Mevrouw Laan vroeg nog naar een aantal projecten. Ze noemde een paar heel inspirerende projecten. Dutch Windmill, de verticale steden, de wolkenkrabbers met tuinen. Ik zei net al dat sterke, leefbare en klimaatbestendige steden en regio's nu benoemd zijn tot prioriteit. Het gesprek daarover met de gemeenten en de provincies wordt gevoerd, evenals het gesprek over woningbouw. Ik wil niet meteen het niveau ingaan van concrete projecten. Als je kaderstellend bent, moet je dat eigenlijk niet doen, maar ik vind de voorbeelden die mevrouw Laan noemt inderdaad inspirerend. Ik ben blij dat dat soort dingen gebeuren en hoop dat daarin een afweging maken voor de gemeenten en provincies net zo inspirerend is als voor ons hier.
In dit verband vroeg de heer Bisschop aandacht voor de kleinere gemeenten en voor spreiding.

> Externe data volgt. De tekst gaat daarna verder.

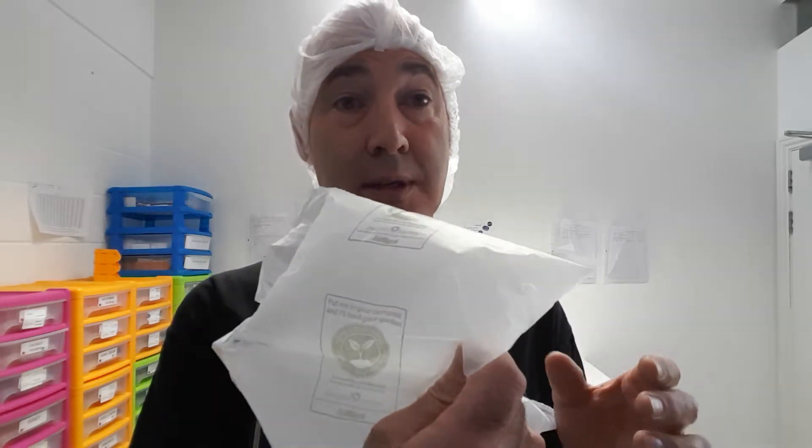The downside is it costs about twice as much as the plastic cushions, which is obviously a disadvantage. But in terms of sustainability, saving the planet, and creating a circular economy where recycled material is turned into something like this — that if it does go into the wrong place, if it does go into landfill, will just disappear — we think this is the way to go.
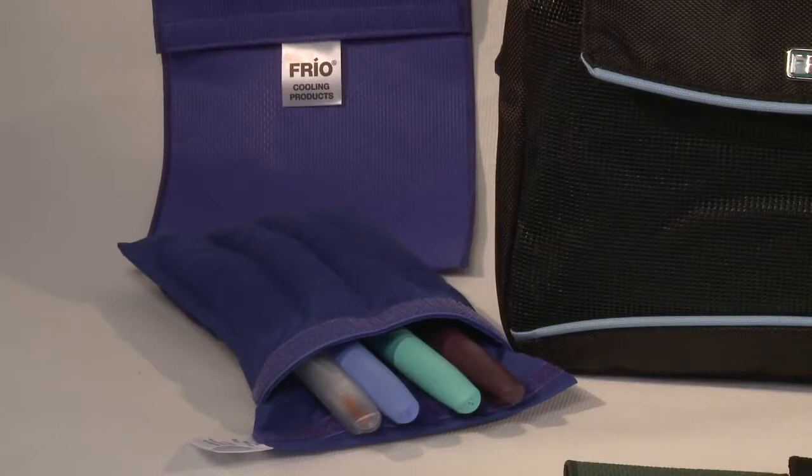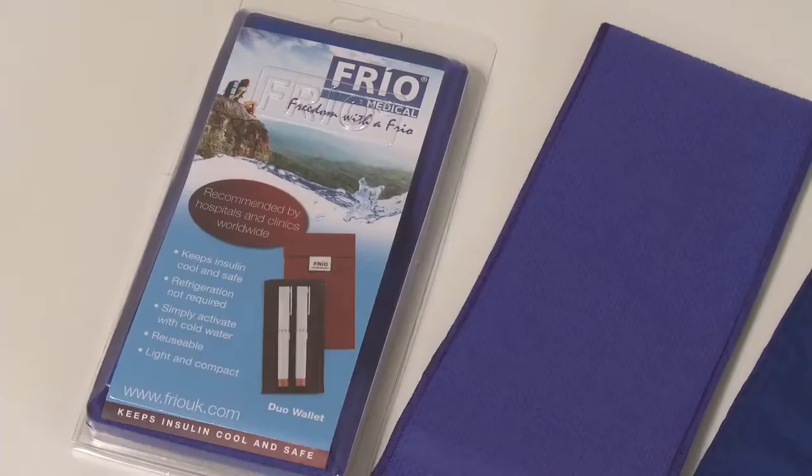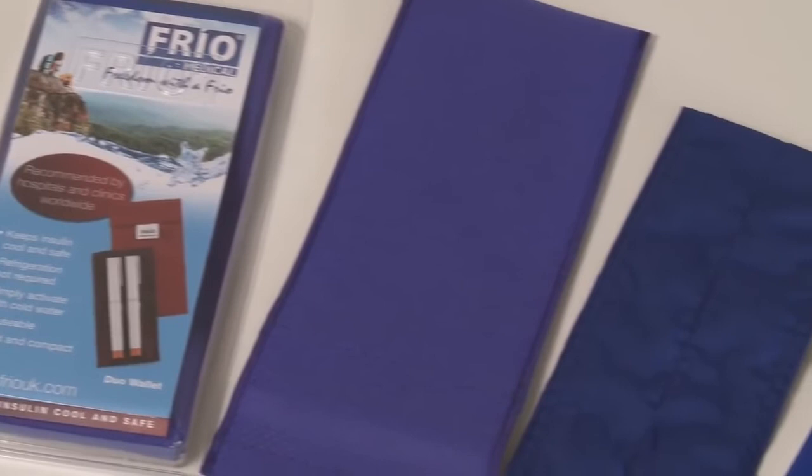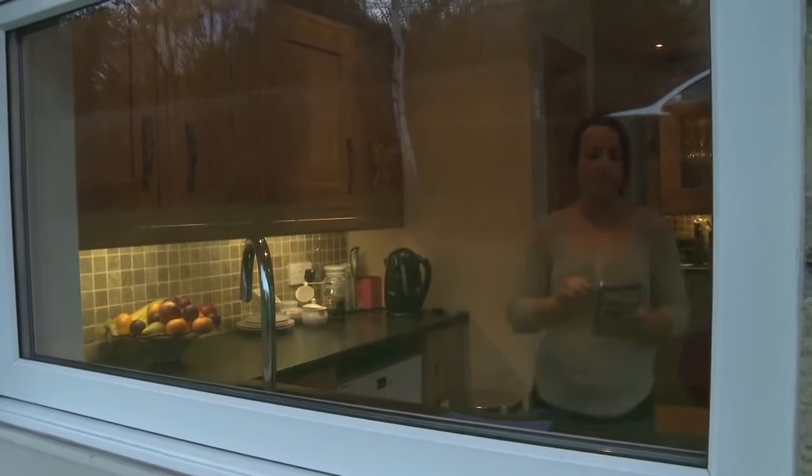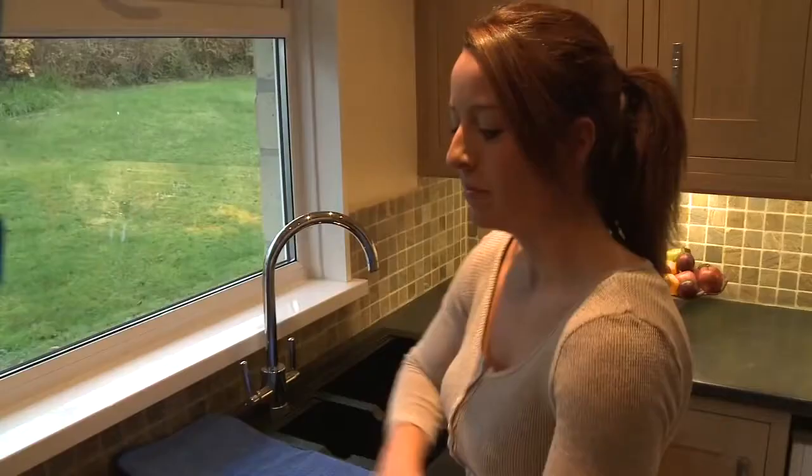This is the Frio Insulin and Medication Cooling Wallet. You're about to watch a simple demonstration of its activation and use. To activate the Frio Wallet, you'll need access to water. Firstly, remove the wallet from its packaging. The Frio comes with an inner wallet and an outer cover.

Er zijn in Nederland, hoe klein het als geografisch gebied ook is, heel grote regionale verschillen. Dat zie je in de woningmarkt, dat zie je in de werkgelegenheid, dat zie je in de demografische ontwikkelingen. Ik weet niet of de heer Bisschop specifiek de krimpgebieden in gedachten had, al kan ik mij dat heel goed voorstellen. Ik denk dat juist voor de krimpgebieden een regionale aanpak ontzettend belangrijk is. Ik ben in een aantal van die krimpregio's geweest, in Groningen, in Limburg, en voor zover ik dat zie, wordt daar heel hard gewerkt aan visievorming. Bijvoorbeeld de woningbouwopgave is daar een heel andere. Vanwege die krimp is die ook heel moeilijk te realiseren, terwijl je wel een kwaliteitsimpuls nodig hebt in de bestaande voorraad daar. Dat vraagt om een heel ander type oplossing dan in de gebieden waar de woningmarkt heel gespannen is. Daar zijn de regionale visie en de regionale aanpak juist ontzettend belangrijk.

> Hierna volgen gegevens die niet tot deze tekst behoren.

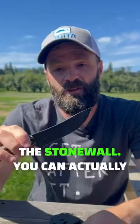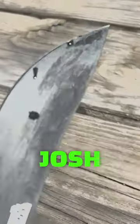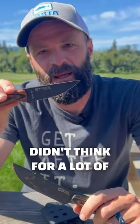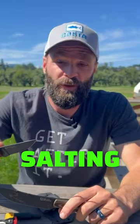On the third goat — my personal goat — I actually used this knife, the Stonewall. You can actually see it's still gross. This knife was recommended to me by Josh Smith of Montana Knife, because I told him I didn't think it was right for a lot of the skinning that I do, particularly when I'm going to be salting the cape.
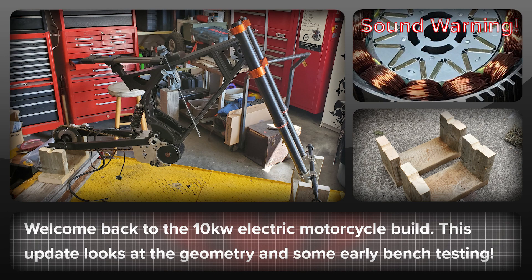This video is back to the Lightning Rod's 10kW mid-drive build. I needed to make a decision on what wheel sizes to go with, so to help with that I built some axle stands. Later in the video there will be a few clips of the Big Lock motor being bench tested. The motor has quite a high pitch at high RPM, so there is a sound warning for this part.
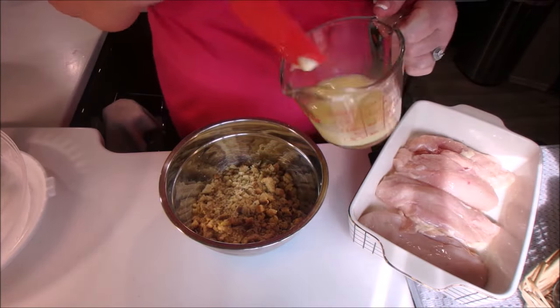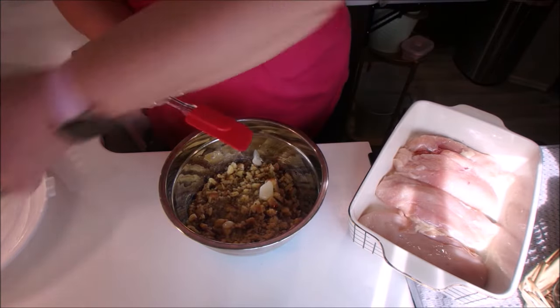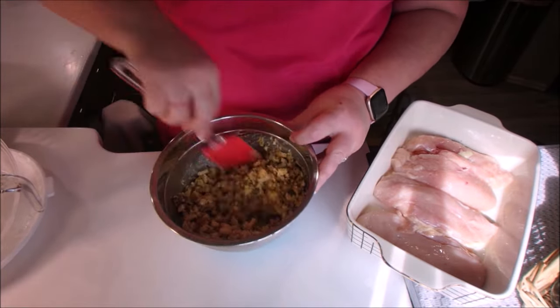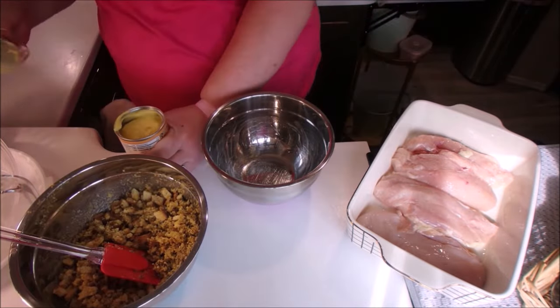After we get our chicken breasts in the casserole dish, we're going to mix the stuffing with the melted margarine, and then we're going to mix the cream of chicken soup with the milk. We have two bowls — ones that we'll have ready to go.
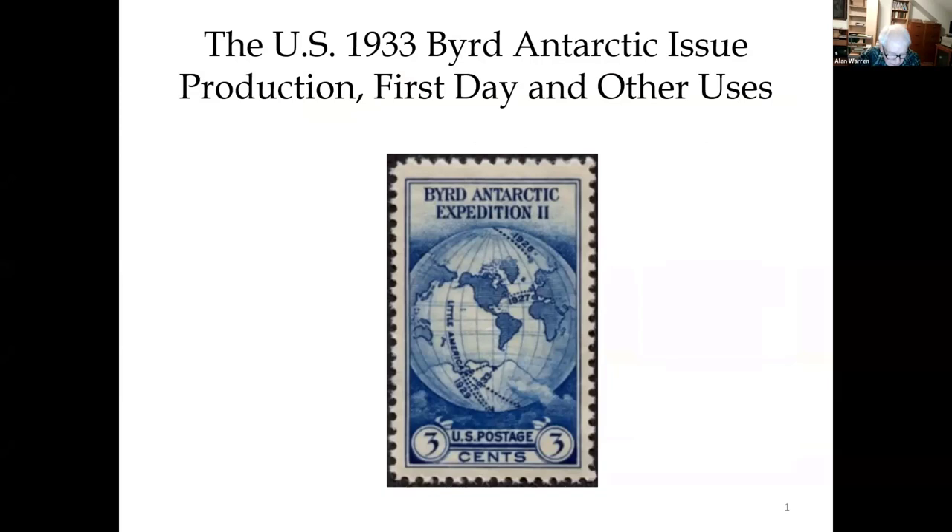I want to preface my program by commenting that the material you're going to see is in the format the American Philatelic Society Judging Manual requires for first day cover exhibits of a single stamp. In addition to caches, they'd like to hear some philatelic information. So if the stamp has die proofs, essays, marginal markings like plate numbers, talk about those and demonstrate them as well as first day covers. There's also a section towards the end where you show usage of the stamp — what was it intended for, registered mail usage, air mail usage, and so on.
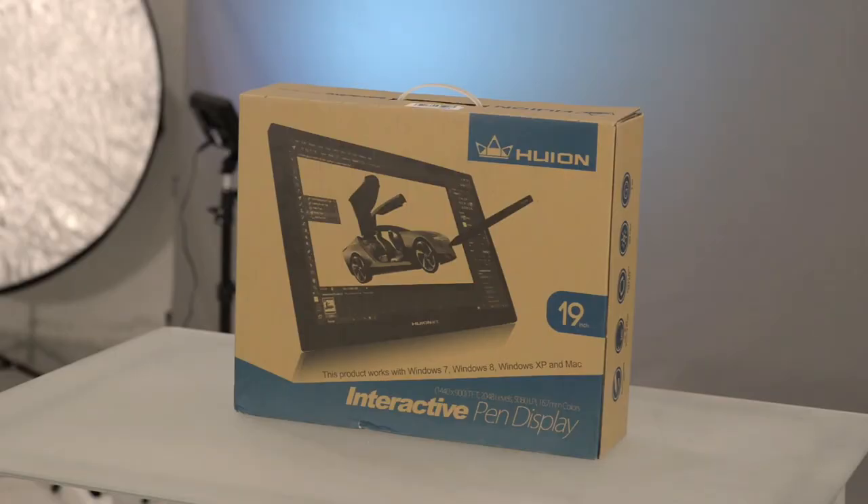The T190 is designed for drawers, artists, and anyone who needs more accurate control, using the screen directly as the main input. Instead of drawing on paper and transferring to your computer, you start drawing on your computer from the beginning. The T190 is also a great working surface for photographers doing editing, especially for those who want a new way to make small edits or photo manipulations, giving you a smoother and more sensitive touch in Photoshop and other professional programs to speed up and enhance the editing process.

Op het gebied van landbouw en natuur zijn ook een aantal specifieke vragen gesteld. Allereerst vroeg de ChristenUnie, maar ik dacht dat mevrouw Van Eijs er ook naar vroeg: waarom staat landschap nou eigenlijk niet in dat lijstje? Het staat er misschien niet in, maar het lijkt mij wel onderdeel te zijn van de omgevingskwaliteit, de kwaliteit van de leefomgeving. Dus ik zou «landschap» wel willen onderstrepen en ik wil daar ook in de uitwerking rekening mee houden.

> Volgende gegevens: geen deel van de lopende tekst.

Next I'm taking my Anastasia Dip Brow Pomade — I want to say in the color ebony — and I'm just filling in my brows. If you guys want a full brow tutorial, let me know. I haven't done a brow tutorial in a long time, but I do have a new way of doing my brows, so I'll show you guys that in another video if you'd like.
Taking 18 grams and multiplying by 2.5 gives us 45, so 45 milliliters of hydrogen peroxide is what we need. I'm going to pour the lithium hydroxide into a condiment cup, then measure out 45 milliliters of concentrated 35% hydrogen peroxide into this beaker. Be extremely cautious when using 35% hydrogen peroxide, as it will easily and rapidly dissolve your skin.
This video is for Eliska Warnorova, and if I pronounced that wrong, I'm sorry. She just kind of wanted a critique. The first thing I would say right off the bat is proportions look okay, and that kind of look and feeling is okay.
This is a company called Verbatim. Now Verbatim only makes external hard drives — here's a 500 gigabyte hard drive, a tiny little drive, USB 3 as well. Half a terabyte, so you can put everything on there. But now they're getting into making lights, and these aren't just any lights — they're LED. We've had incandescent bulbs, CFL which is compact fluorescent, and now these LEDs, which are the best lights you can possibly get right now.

Het agrarisch gebied werd een paar keer genoemd. Bijvoorbeeld mevrouw Laan vroeg hoe ik wil stimuleren dat natuur- en landschapselementen weer meer terugkomen in het agrarisch gebied, als ik haar vraag goed samenvat. Dat ligt inhoudelijk vooral op het beleidsterrein van mijn collega de Minister van LNV. Ik weet dat er bij LNV nu ook wordt gewerkt aan een visie die iets gaat zeggen over die verbinding tussen natuur en landbouw en over de verrijking van het agrarische landschap met landschappelijke elementen. Ik denk dat de vraag van mevrouw Laan daarover ging. Ik zou haar willen verwijzen naar de visie die de Minister van LNV aan het ontwikkelen is. Volgens mij wil zij die voor de zomer aan uw Kamer sturen.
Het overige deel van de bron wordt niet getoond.